People have different expectations about dining out, but as a certified sommelier, I like to focus on the wine list. My ideal wine list demonstrates a thorough knowledge of classic wine styles and regions, and is inclusive enough for me and also my grandma (who drinks pinot grigio with ice cubes in it and I love her for it) to find common drinking ground. Above all else, it should be priced fairly.

Everyone bemoans the spending habits of new generations of wine drinkers (millennials, Total Wine, delivery services) but I have always thought that a well-informed and savvy wine-drinking public is better than the alternative, even if it forces the widely adopted wine list paradigm to shift.

Santa Fe, for all its uniqueness and isolation, is following suit. This page points out some wine lists that have special deals to benefit the savvy wine-drinker.

La Boca

72 W Marcy St.; 125 Lincoln Ave., Ste. 117, 982-3433

This intriguing list focuses predominantly on Spanish wines, with other quality producers from other countries represented, and includes an impressive selection of sherry.

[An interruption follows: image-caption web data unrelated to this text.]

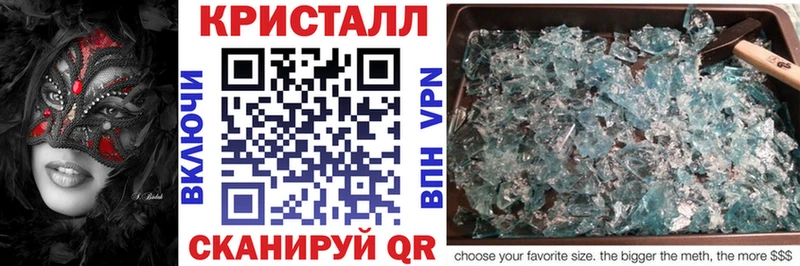 купить   Элиста  АМФ VHQ 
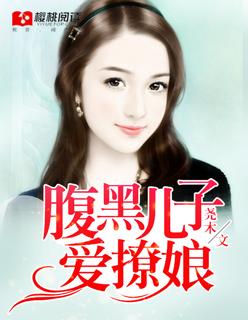 腹黑儿子腹黑娘亲全文阅读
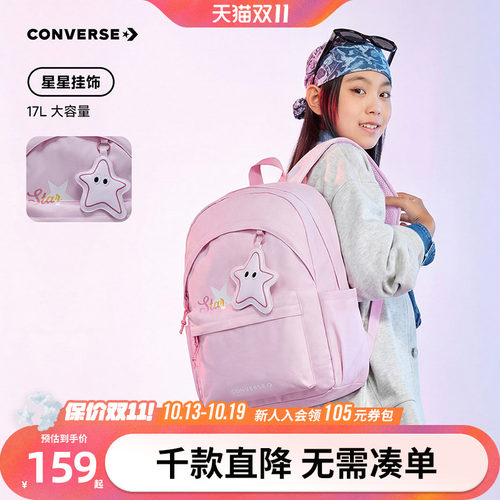 星星海绵垫挂饰，点缀细节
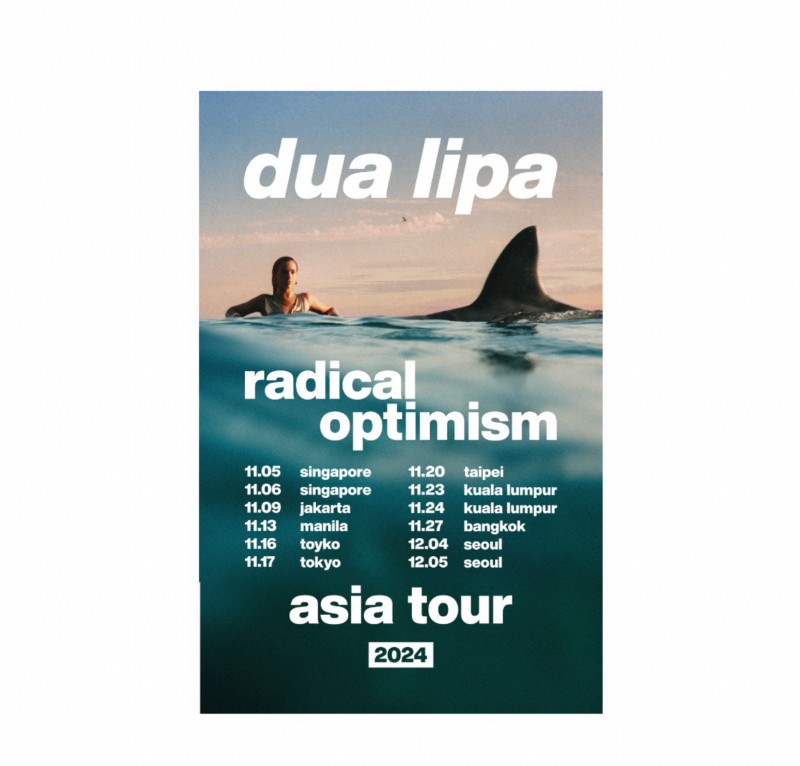 Dua Lipa「Radical Optimism」亞洲巡迴開跑！全台獨家周邊快閃店限時登陸 INVINCIBLE SP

Their wine club is a modest $50 a year for membership and it comes with a yearlong 30 percent off wine specials as well as a special half-off on Wednesdays on bottles priced at $100 or higher, among other perks.

315 Restaurant and Wine Bar

315 Old Santa Fe Trail, 986-9190

Tuesday is the day to go to 315, when all bottles of wine are half-price all night; as well as an "oyster happy hour" from 5-7 pm, when all oysters are also half-priced. This includes even the half-bottles on the list, which is obviously well-loved and carefully cultivated. For example, a bottle of Graci Etna Rosso is typically $52, but on Tuesdays is a mere $26. There are plenty of both old- and new-world classics, including Grand Cru Burgundy and classified Bordeaux. Also plenty of German riesling, whites from Alsace, Sicilian reds, and other "patio pounders" to go with those oysters.

La Casa Sena

125 E Palace Ave., 988-9232

The wine program at La Casa Sena is large and sprawling, due in no small part to its concept as a hybrid retail space and restaurant. But its wine club is a truly good deal because its members get retail prices for bottles of wines at the table both at the restaurant and its sister, Rio Chama (414 Old Santa Fe Trail, 955-0765). This makes a big difference; the same bottle that retails for a 30 percent markup could easily have a restaurant markup of 300 percent.

Disclosure: Mary Francis Cheeseman is an employee of the La Casa Sena Wine Shop.

Arroyo Vino

218 Camino La Tierra, 983-2100

Like La Casa Sena, Arroyo Vino consists of a hybrid retail space and restaurant. What is truly impressive about Arroyo Vino's wine program is how it easily integrates the flexibility afforded by the wine shop selection. The shop boasts over 1,000 different wines that are all available in the restaurant for a $30 corkage fee. Obviously the more expensive the bottle, the more beneficial the deal; a bottle that retails for $16 would be $46 at table, but a bottle that retails for $45 would only be $75 instead of $95 (assuming the restaurant markup is in the usual neighborhood of three times the original wholesale price, at least for bottles of wine under $50.) The shop itself is well-curated, adding hidden depths to the excellent wines already on the list. It's an admirable system at Arroyo Vino, and one that doesn't require membership dues to enjoy.

Il Piatto

95 W Marcy St., 984-1091

Our mission really isn't happy hours here, but what distinguishes Il Piatto's is that it happens twice a day. It can be difficult to find a restaurant in Santa Fe that offers a decent glass of wine for under $10, but Il Piatto has quaffable whites from Languedoc and Bordeaux for three hours a day, from both 4:30-6 pm and 9-10:30 pm, when all wines by the glass (and small plates of food) are half price. The full list is also thoughtfully cultivated, with a focus on Italian (primarily Piedmontese) and French bottlings.